Insanity is doing the same thing over and over again and expecting different results.—Albert Einstein
A hospitalist is defined as a provider whose primary professional focus is the general medical care of hospitalized patients.1
While this allows a concise, usable characterization of a hospitalist, it’s not the whole story. If it were, medical residents, nurses, and inpatient pharmacists all would be hospitalists.
Indeed, a traditional internist with a large hospital practice could reasonably deem him or herself a hospitalist.

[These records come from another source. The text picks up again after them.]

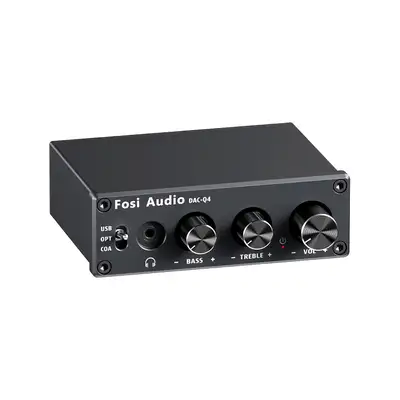 Fosi Audio Q4 DAC Headphone Amp, View more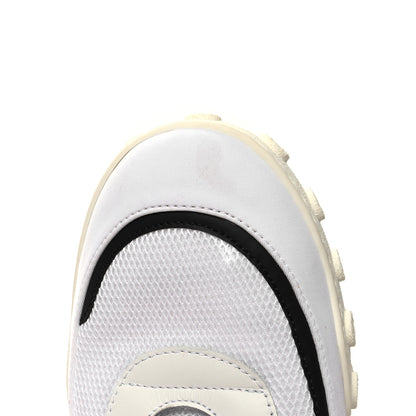 Chanel Calfskin Mesh Lycra Womens Logo High Top Sneakers 40 White 9 of 9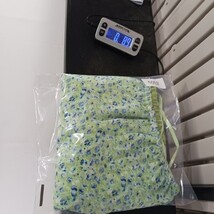 Elastic Waist RN#67473 Women's Green Floral Rear Zipper & Slit Skirt 18W (36×36) image 8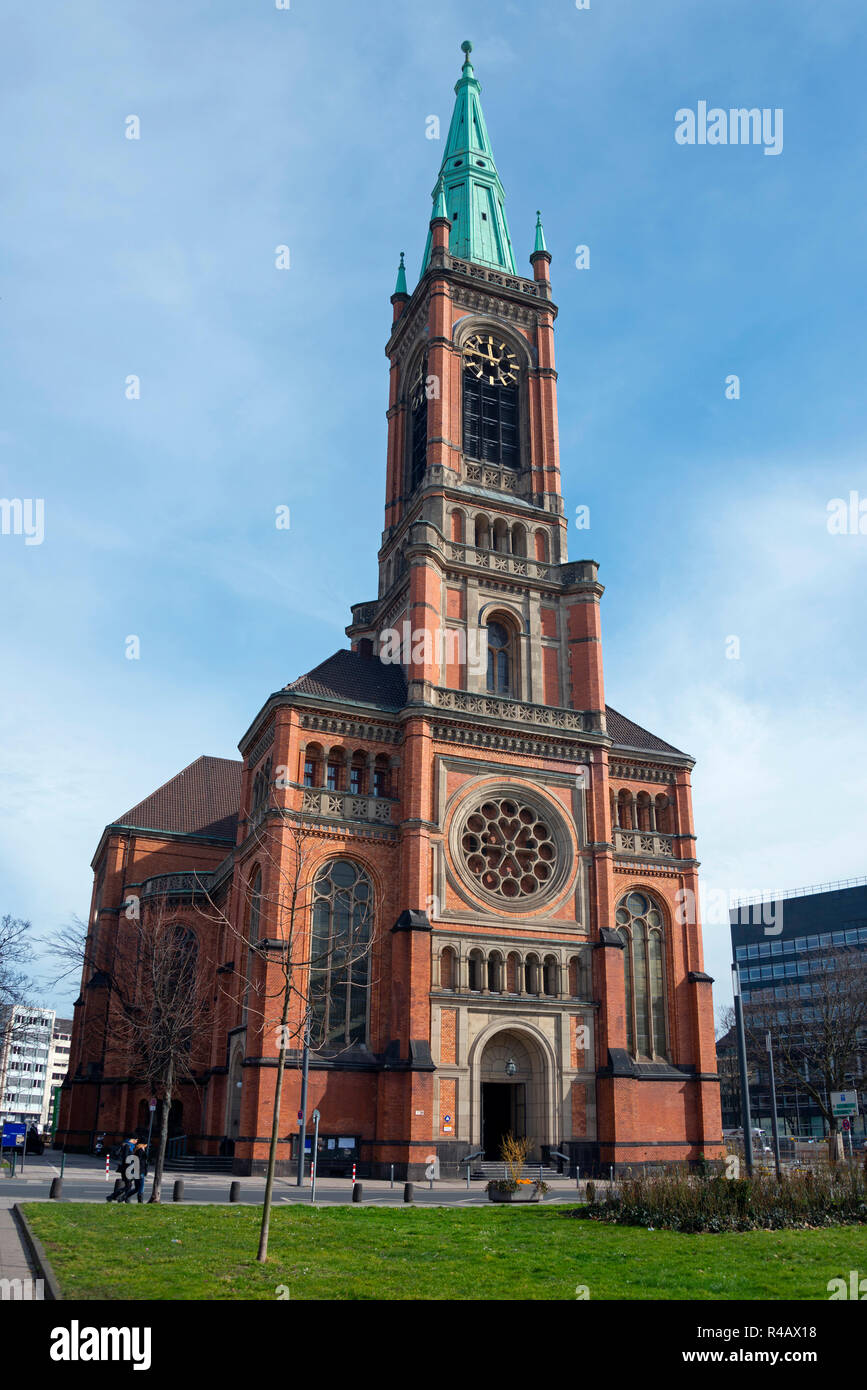Chiesa parrocchiale di Santa Cecilia Benrath, Dusseldorf, Renania settentrionale-Vestfalia, Germania Foto Stock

What defines what a hospitalist does, or should be doing—and how, if at all, is that different than what a traditional internist does in the hospital?
Education Deficiencies
Early data suggested a stark difference between outcomes attributed to hospitalists and general internists who rotated between the clinic and the hospital.
An early experience from the academic environment showed a hospitalist teaching model, when compared with a traditional teaching service, resulted in a 0.6-day length-of-stay (LOS) reduction and a cost savings of $700 per patient with no decrement in the quality of care, clinical outcomes, or satisfaction of provider, housestaff, or patient.2
Similar findings were revealed when community teaching and non-teaching hospitals transitioned to the hospitalist model.3-5 A 2002 review of 19 hospitalist studies revealed an average decreased LOS of 17% coupled with a 1% reduction in hospital costs per case.6
The year 2002 also saw, for the first time, published data that the hospitalist model could reduce in-hospital and 30-day mortality rates.7,8 Together with a 2004 paper showing reductions in minor post-operative complications with hospitalist comanagement of orthopedic patients, these studies suggested hospitalists’ care transcended mere cost savings, improving quality measures as well.9
More recently, however, Lindenauer, et al., found important but less robust differences between hospitalists and non-hospitalists.10 As compared with traditional internists, hospitalists reduced LOS 0.4 days and cost per patient by $268.

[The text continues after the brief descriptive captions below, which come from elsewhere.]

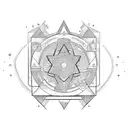 the alchemist book cover tattoo design idea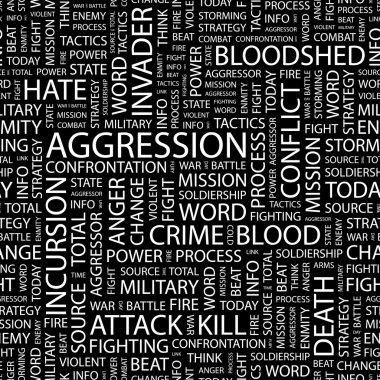 AGGRESSION. Vector illustration. clipart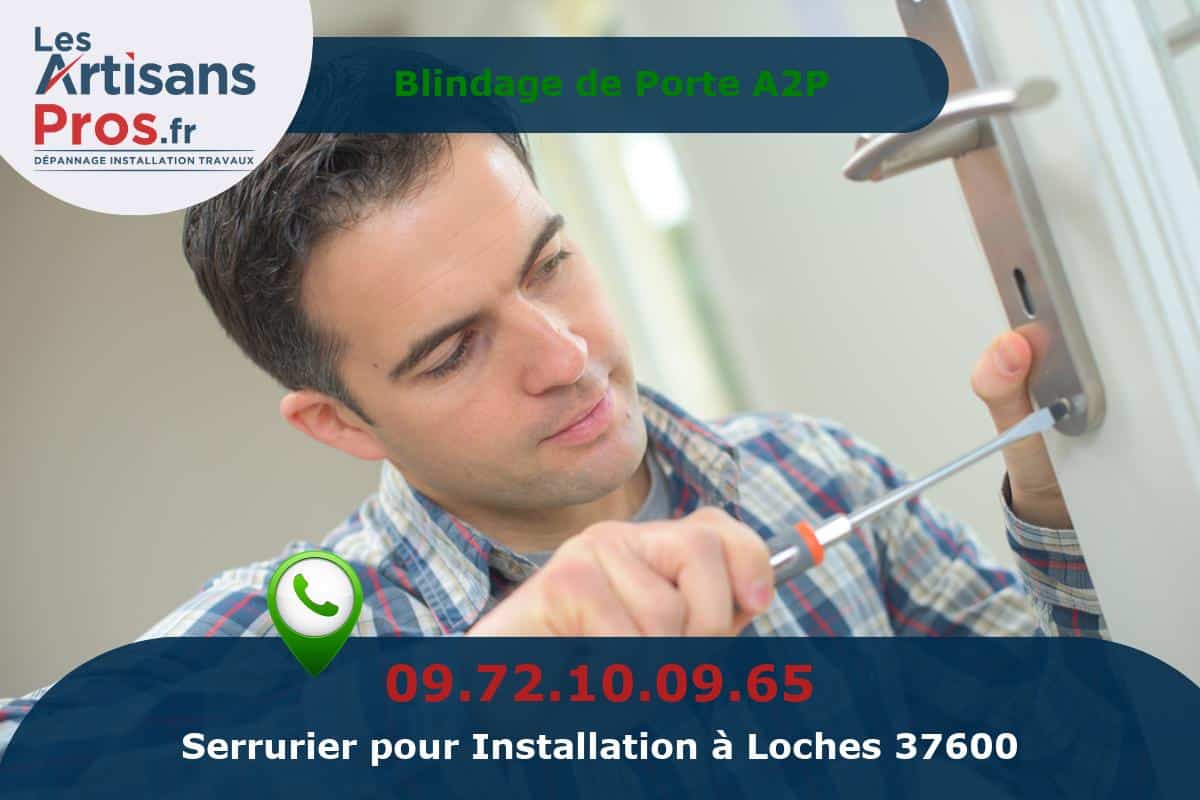 Installation de Serrurerie Loches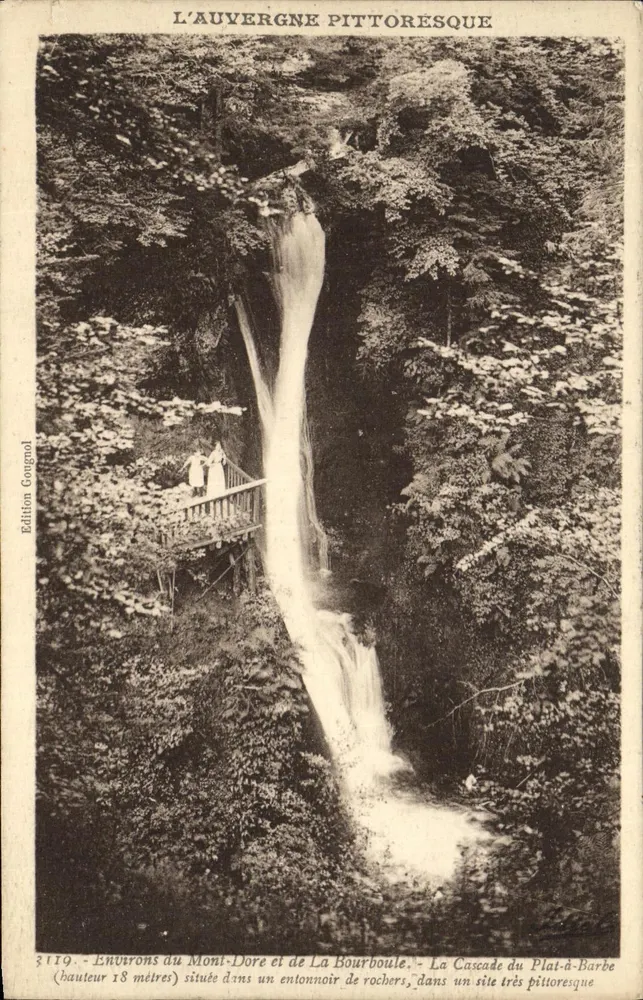 Cascade du Plat-à-Barbe — Umgebung von Mont-Dore und La Bourboule — Edition Gougnol n°3119 - Vorderseite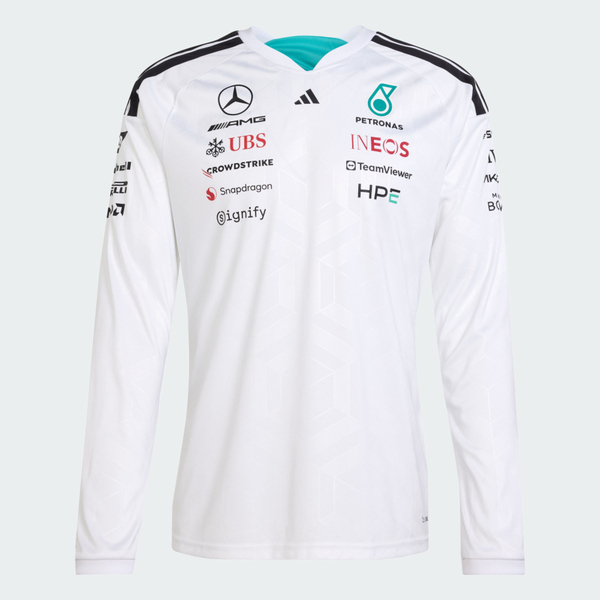 Adidas 愛迪達 Mer Dr Jsy Lm KF0147 男 長袖上衣 休閒長袖 白 吸濕排汗 長袖賽車服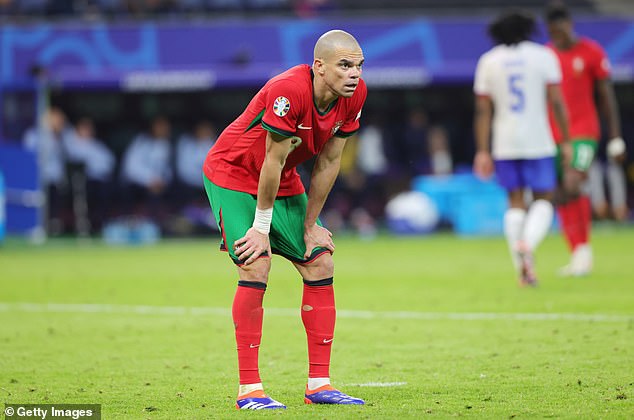 Pepe probably played his last game for Portugal, but impressed despite their elimination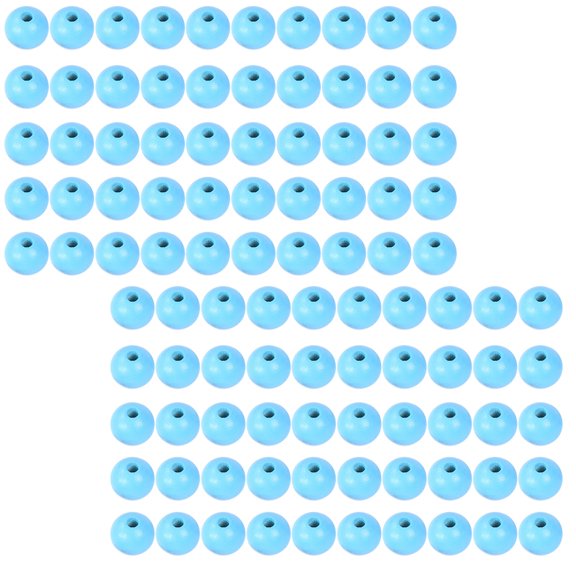 Hanging Wall Decor,100PC Solid Wood Beads Plaid Print Wooden Beads Rustic Wood Beads DIY Garland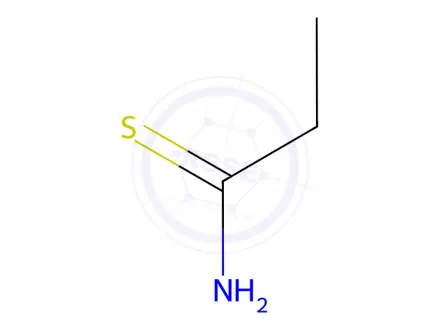 Chemical structure of Propanethioamide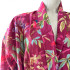 Paradise Burgundy Kimono Robe by Floressents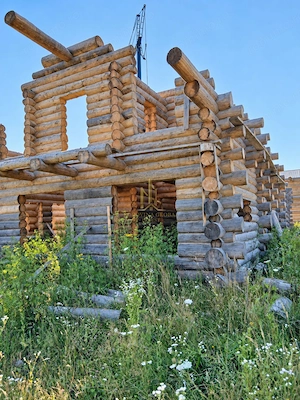 Casă din bușteni în stadiu structural - zona Strâmtura, Vama - imagine 6
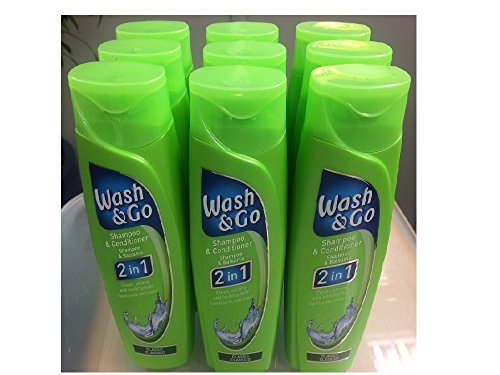 Wash & Go 2 en 1 Classic – Champú y Acondicionador, pack de 9 uds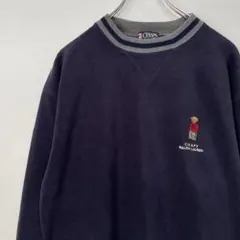 90s CHAPS Ralph Lauren ポロベア　フリース　スウェット　Mのサムネイル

While these moderate reductions in LOS and cost versus traditional internists are statistically and clinically significant, they are less vigorous than previous findings. Despite some methodological concerns, this largest investigation—in terms of hospital sites (45), patients (76,926) and hospitalists (284)—revealed no demonstrable improvements in the quality outcomes measured.

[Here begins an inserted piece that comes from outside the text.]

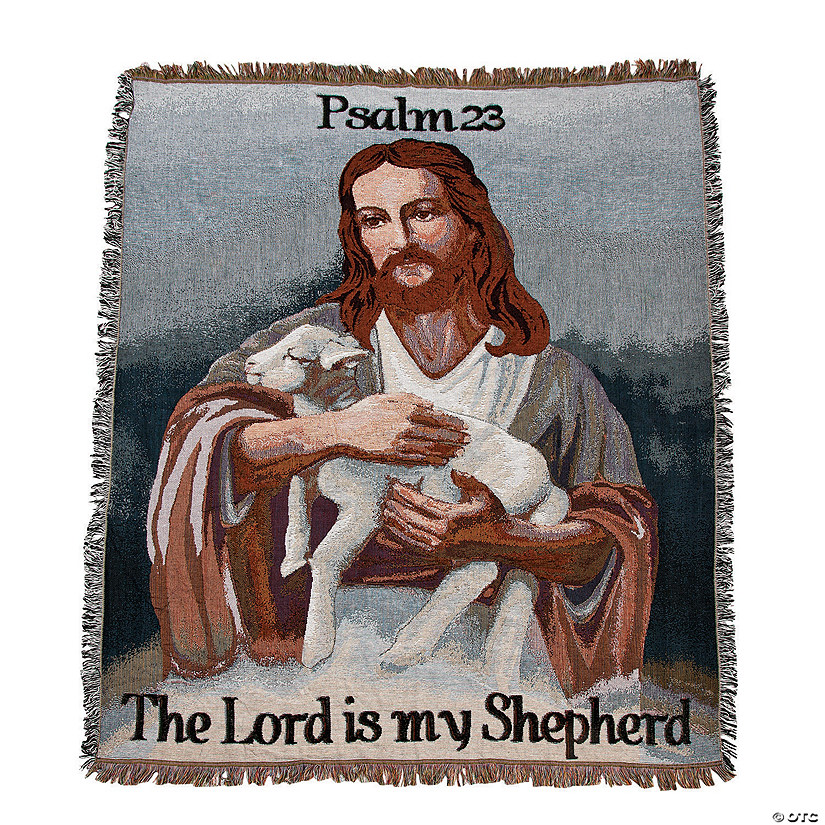 The Lord Is My Shepherd Throw - Discontinued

Similarly, another recent publication found consultation, provided by medical subspecialists or hospitalists, did not improve glycemic control, rate of appropriate venous thromboembolism (VTE) prophylaxis or perioperative beta-blocker use compared with patients cared for by surgeons alone.11,12
While it is tempting to think hospitalists have re-engineered the systems of care to the point that any provider can fluently and adroitly care for patients, continued reports of less-than-optimal hospital outcomes do not support this hypothesis. More likely, the variance in the early and recent studies relates to the egress from the hospital of less capable or engaged non-hospitalist providers such that more recent findings reflect a comparator group that more closely approximates, in terms of clinical volume, hospitalists.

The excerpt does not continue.